Da AMD eng mit den Machern von Ashes of the Singularity zusammenarbeitet und hier auch schon eine Umsetzung in DirectX 12 mit Asynchronous Compute zeigte, verwundert es nicht, dass der Hardware- und der Software-Hersteller bei der Optimierung für die RYZEN-Prozessoren ebenfalls wieder eng miteinander arbeiteten. Herausgekommen ist dabei eine optimierte Fassung, die ein deutliches Leistungsplus zeigt.

Die neue Version von Ashes of the Singularity hört auf die Versionsnummer v2.11.x. AMD hat eigene Tests mit folgendem Testsystem durchgeführt: AMD Ryzen 7 1800X, 2x 8 GB DDR4-2933 (15-17-17-35), GeForce GTX 1080 (GeForce 378.92), Gigabyte GA-AX370-Gaming5 und Windows 10 x64 Build 1607. Getestet wurde in einer Auflösung von 1.920 x 1.080 Pixel bei hohen Qualitätseinstellungen. In diesen Einstellungen will AMD ein Leistungsplus von bis zu 30 % erreicht haben. Unabhängige Tests, zum Beispiel von ComputerBase, können zumindest ein Leistungsplus von 20 % bestätigen.
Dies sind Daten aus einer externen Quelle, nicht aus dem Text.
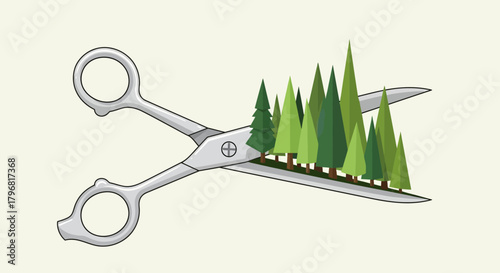 Concept of deforestation and environmental conservation represented by scissors cutting a forest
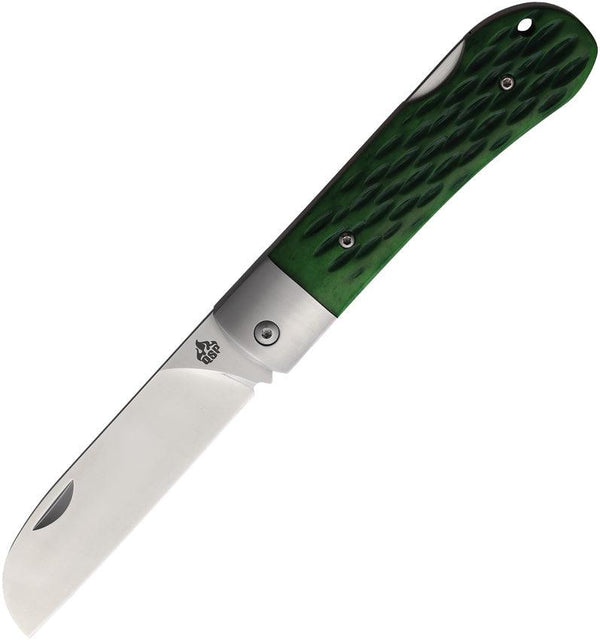 QSP Knife Worker Lockback Green Bone Satin Bohler N690 - Knives.mx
Auch im reinen CPU-Test (Ashes of the Singularity bietet eine solche Auswertung und Nennung der Limitierung an) stellt AMD immerhin noch ein Plus von fast 15 % fest, so dass sich der Flaschenhals womöglich nicht mehr beim Prozessor, in diesem Fall den RYZEN-Prozessoren, sondern bei der Grafikkarte befindet.

Neben den Leistungsverbesserungen soll Ashes of the Singularity auch noch weitere neue Funktionen mit einem großen Update erhalten, welches in Kürze erscheinen soll.
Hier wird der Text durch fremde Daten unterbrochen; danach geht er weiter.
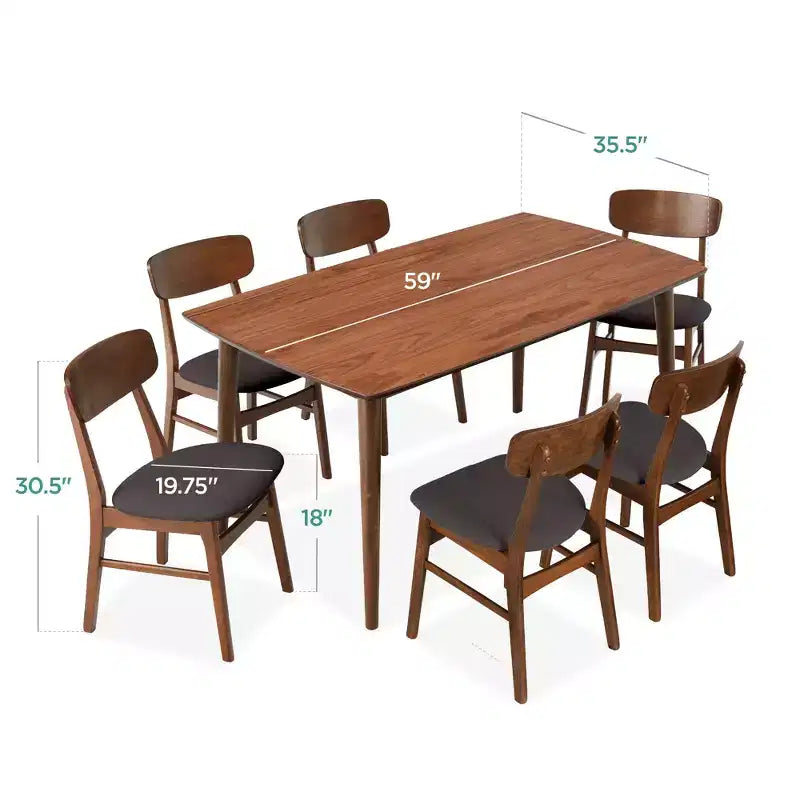 Ensemble de salle à manger 7 pièces, style moderne du milieu du siècle, avec table en bois et 6 chaises, de Best Choice Products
Höhere Minimum-FPS in DOTA 2

Auch in DOTA 2 soll eines der letzten Update einige Verbesserungen bei der Leistung erbracht haben. Hier sollen vor allem die Minimum-FPS um 15 % höher ausfallen und außerdem soll das Input-Lag sich auf 1,7 ms reduzieren. AMD sieht in DOTA 2 aber noch weitere Optimierungspotenzial.

AMD scheint derzeit verstärkt mit verschiedenen Software-Partnern an einer Optimierung für die RYZEN-Prozessoren zu arbeiten. Nicht immer werden diese ein Leistungsplus von 20 oder 30 % erreichen, denn das Optimierungspotenzial ist extrem abhängig vom jeweiligen Spiel und der Tatsache, ob eher der Prozessor mit seinen Berechnungen der Flaschenhals ist oder dieser ohnehin bei der Grafikkarte liegt.